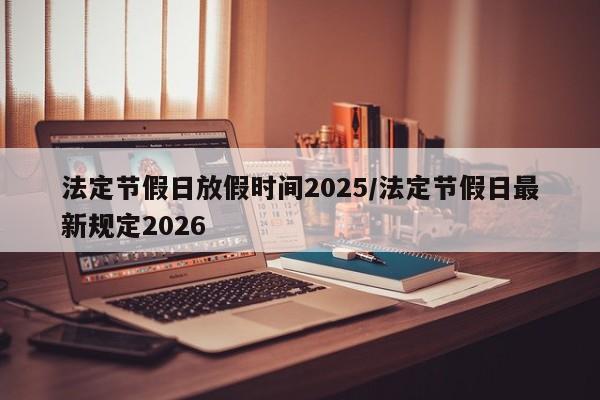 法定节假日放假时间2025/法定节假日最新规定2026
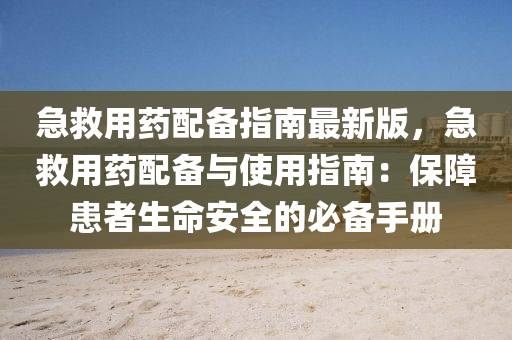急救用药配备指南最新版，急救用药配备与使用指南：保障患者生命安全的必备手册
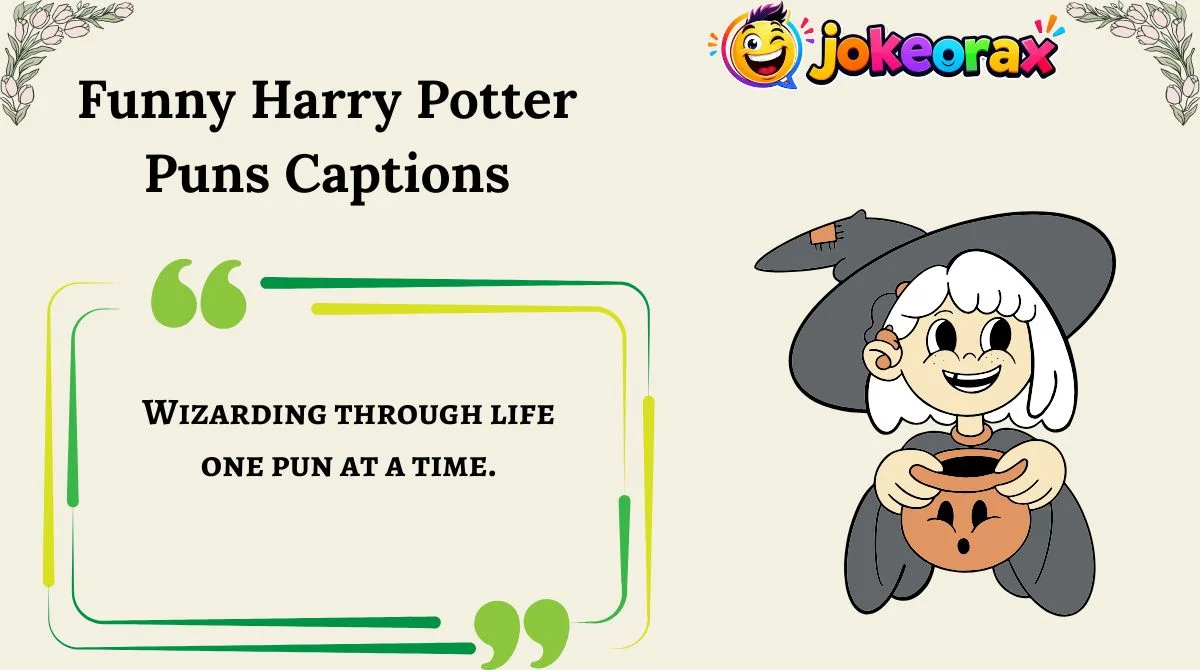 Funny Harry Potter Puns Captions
***
## [PROBLEM TO WORK ON]
Would you restate word for word only the lines from the line with "急救用药配备指南最新版，" to the last line above, with the pictures left out?

## [OUTPUT OF THE EXERCISE]
急救用药配备指南最新版，急救用药配备与使用指南：保障患者生命安全的必备手册
 Funny Harry Potter Puns Captions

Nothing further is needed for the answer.